Biden’s Commitment to Press Freedom Faces a Test

How the president handles the killings of Jamal Khashoggi and Shireen Abu Akleh is a test of his ability to balance values and realpolitik.
Source: Ozan Kose / AFP / Getty; Guy Smallman / Getty; The Atlantic

When President Joe Biden travels to Saudi Arabia, Israel, and the Palestinian territories in July, he should keep two names in his mind at every step: Jamal Khashoggi and Shireen Abu Akleh. Both spoke truth to power, and both were killed in the course of their work as journalists. And though they were killed in drastically different circumstances, both represented the promise of a different Middle East.

The Biden administration says that it centers its foreign policy on the battle between democracy and autocracy, and on the need for a rules-based international order.
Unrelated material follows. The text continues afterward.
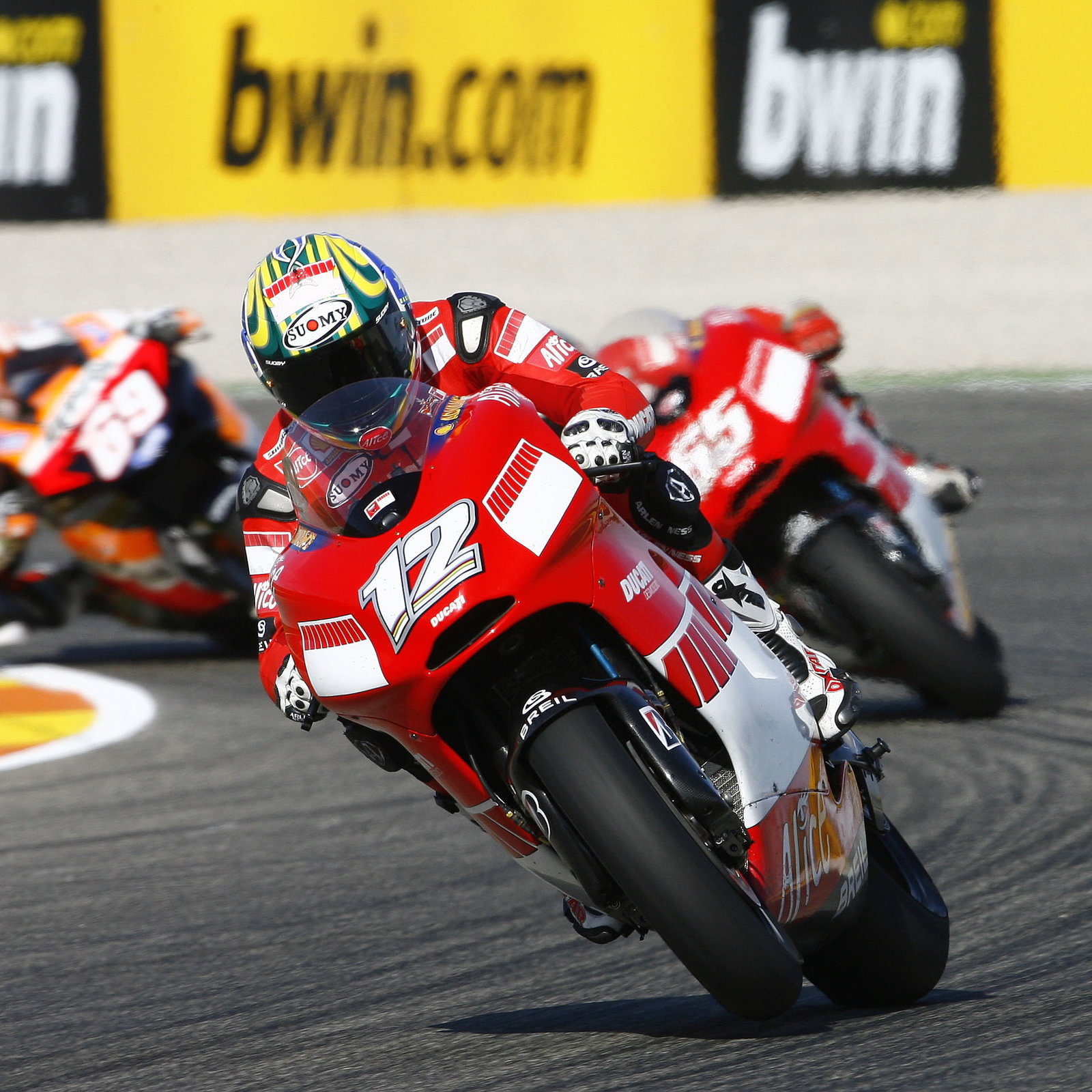 Troy Bayliss - Ducati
The reality, however, is that the United States has not-so-democratic allies and outright-autocratic friends. The key for the U.S. is to make sure that it uses its leverage not to preach, lecture, or condescend, but to engage in a wider conversation, convincing these countries of the necessity and the benefit for all of abiding by basic universal values. Biden’s trip, then, is about more than the price of a barrel of oil, regional cooperation, the threat from Iran, or even the release of individual dissidents.

How Biden handles the killings of Khashoggi and Abu Akleh is a test, not just of his promise to support rule of law and accountability, but of his ability to better balance values and realpolitik. Whether Biden succeeds matters not simply for America, the Middle East, and the relationship between the two, but for America’s relationship with the world.